No começo do mandato, o presidente Lula e o ministro da Fazenda, Fernando Haddad, já observavam o alto endividamento da população e a inadimplência e lançaram o programa Desenrola Brasil. A política pública foi uma das mais bem avaliadas do governo, com aprovação de 80%, segundo a Confederação Nacional da Indústria (CNI), e consistia na renegociação de dívidas, sobretudo para as camadas populares. Criado em 2023 e encerrado em maio de 2024, o Desenrola beneficiou cerca de 15 milhões de pessoas e renegociou R$ 53,2 bilhões em dívidas, o equivalente a 0,5% do PIB. Na Faixa 1, voltada a quem ganha até dois salários mínimos, a inadimplência caiu 8,7%, passando de 25,2 para 23,1 milhões de inadimplentes. Mas os números de inadimplência voltaram a subir entre 2024 e 2025.
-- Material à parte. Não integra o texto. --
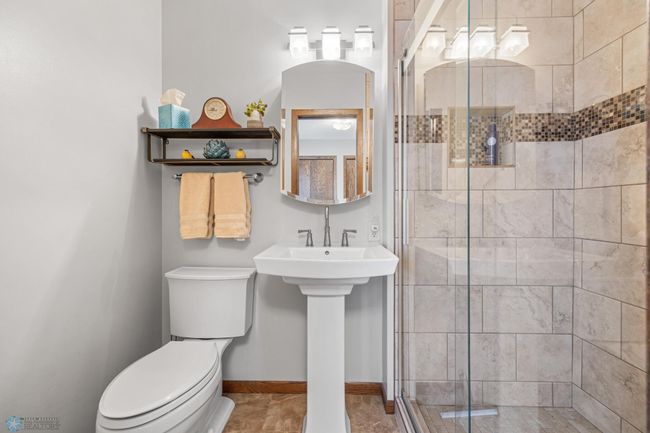 Primary bedroom updated bath | Image 36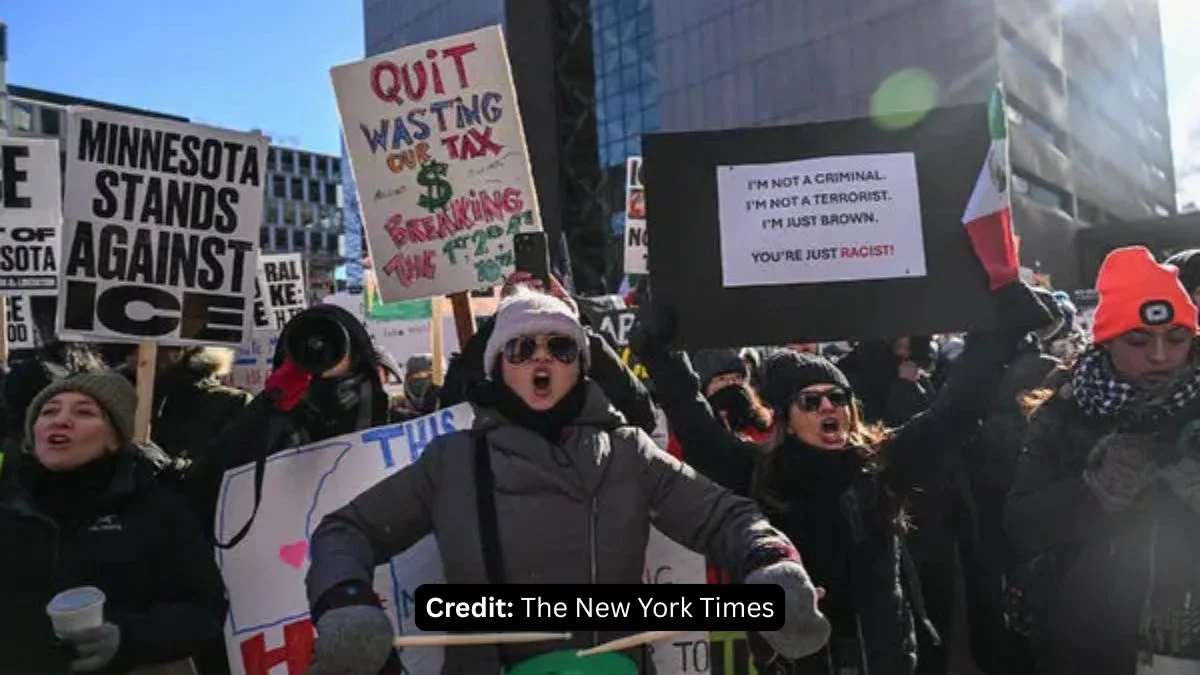 Protesters holding signs that read "Minnesota Stands Against ICE" and "I’m Not a Criminal, I’m Just Brown" during a march in downtown Minneapolis.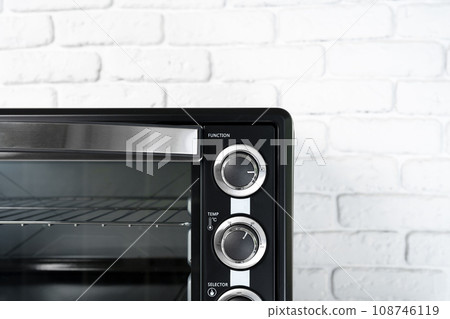Close up of black mini electric oven home appliance 108746119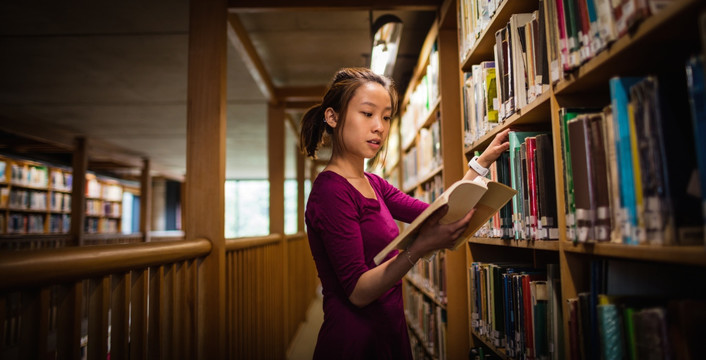 在图书馆里选书的女大学生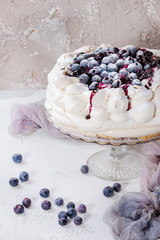 Homemade meringue cake Pavlova with whipped cream, sugar powder, fresh blueberries and blueberry sauce on vintage cake stand on beige concrete texture background, gauze textile.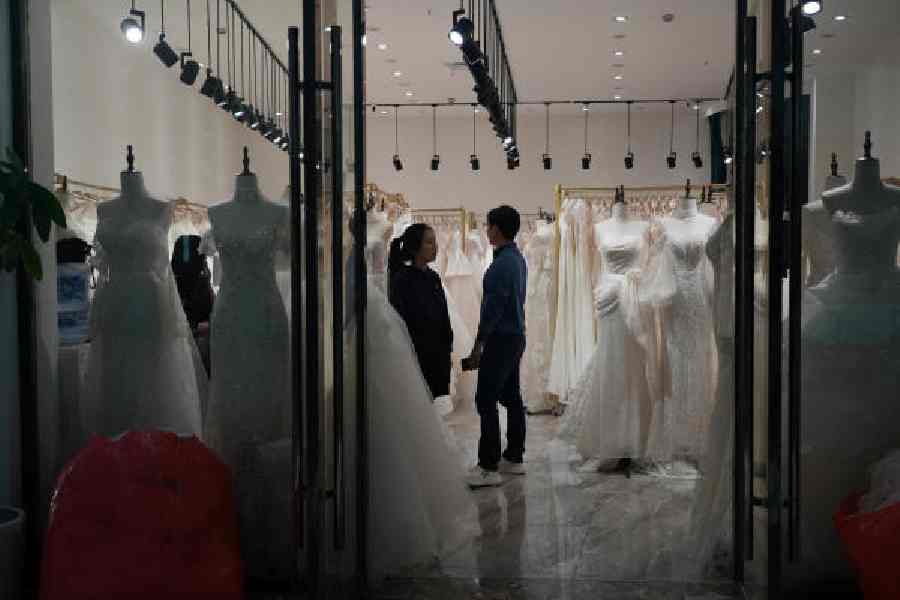 A couple shops for a wedding gown at Huqiu Bridal City in Jiangsu province, China, on Friday. 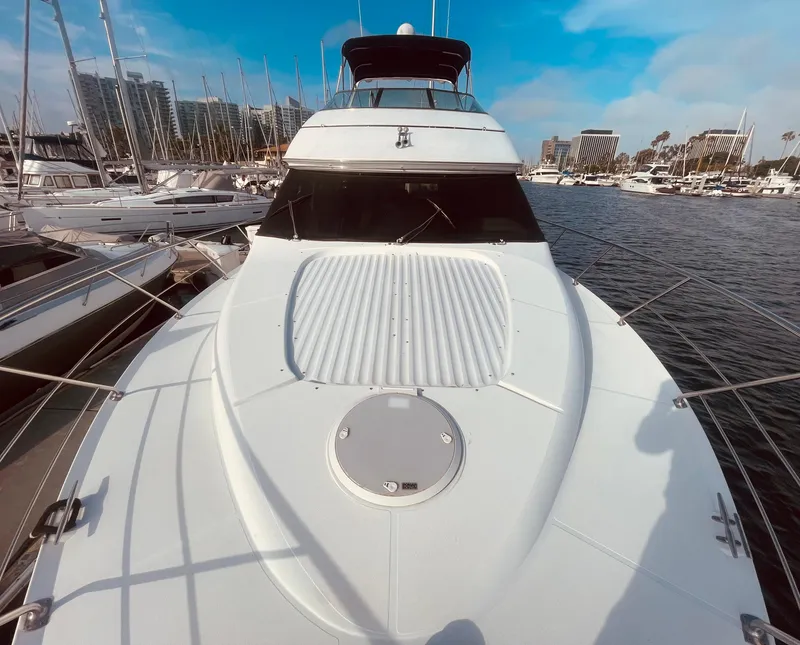 Slide: The Image of 1999 Carver Voyager yacht docked in marina, surrounded by sailboats under a clear blue sky. - 2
Ao Meio, a Fazenda disse que o programa tinha caráter emergencial e que, apesar da atual conjuntura, não há estudos para um novo Desenrola. “Foi uma ação temporária, voltada à renegociação de dívidas de pessoas físicas de menor renda. Encerrou-se em 20 de maio de 2024, após cumprir os objetivos para os quais foi criado. Não há, no âmbito da SRE, a formulação de novos estudos para um programa de refinanciamento de dívidas de pessoas físicas”, afirmou a pasta.
Esse tipo de ciclo leva aos fatores microeconômicos para a inadimplência. Há uma falta de educação financeira por parte das famílias, o que coloca em risco sua saúde financeira em momentos de disponibilidade de crédito elevada. “Não adianta fazer um programa para trazer o perdão de dívidas sem trazer as condições para que essas pessoas, que eram superendividadas, melhorem a forma com que lidam com o dinheiro”, diz Ecio Costa. “Educação financeira tem de ser uma disciplina cada vez mais obrigatória, desde os primeiros anos de ensino, para que pelo menos as próximas gerações tenham uma melhor capacidade de lidar com as questões financeiras.”